WINONA, Minn. – The 2016 Legislature wasn’t good to Winona State even though the university is the state’s premier institution in southeast Minnesota. The university’s priority funding request was $79 million to build a state-of-the-art classroom building. The new building — dubbed CICEL, short for Center for Interdisciplinary Collaboration Engagement and Learning — was to replace Gildemeister and Watkins halls, both of which date to 1960s and were cheap lowest-bid projects.

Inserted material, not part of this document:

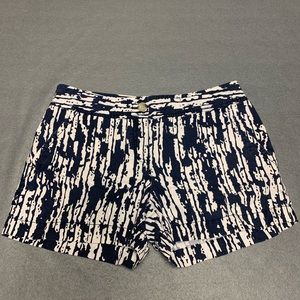 Ann taylor loft shorts women’s 4 blue white linen cotton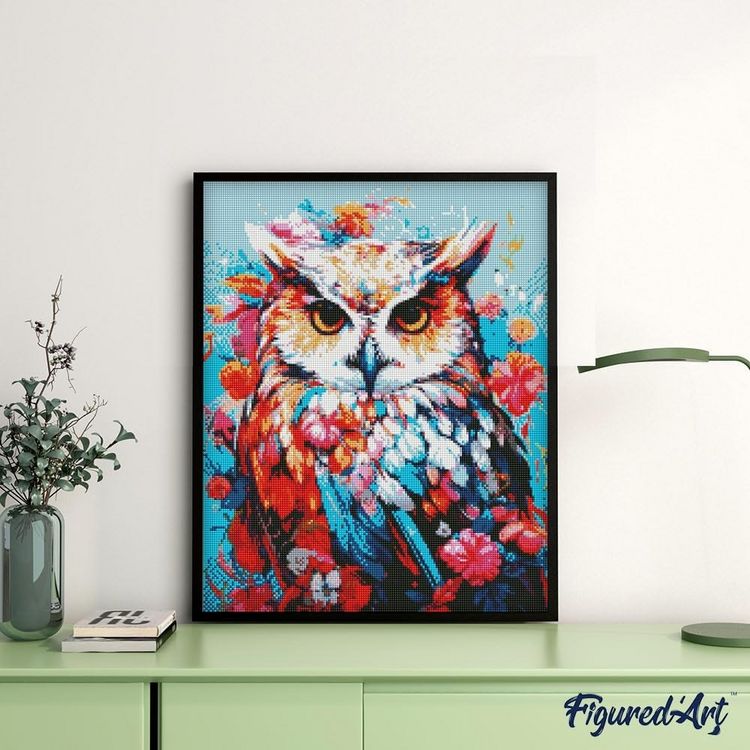 Produktbild: FiguredArt DP-FA10233-Y - Diamond Painting, Bunte Eule in voller Bl&uuml;te, Leinenwand-Keilrahmen 40x50cm, DIY Bastelset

Call it “Cecil.” The first major academic construction project in a decade at Winona State dead-ended in the 2016 Minnesota Legislature. The so-called CICEL building lost out in the competition for funding. University President Ken Janz said he’ll be back next session for $79 million.
CICEL (pronounced “Cecil” like the man’s name), was to be the new home of the design, computer science, math and statistics departments. The project had been ranked fourth on the Minnesota State system’s priority list for construction funding. What went wrong? Campus leaders quietly lament the 2024 retirement of Gene Pelowski, who represented Winona in the Legislature for 38 years and who served on education committees, in some terms as chair, Pelowski championed education issues and regularly brought home the bacon for Winona State projects. Winona’s post-Pelowski voices in the 2016 Legislature:
> Jeremy Miller, a Winona business operator, who once was influential in the Senate, and who served on the Senate Education Committee, but who rendered himself a lame duck five months before 2016 session began by announcing he wouldn’t seek re-election.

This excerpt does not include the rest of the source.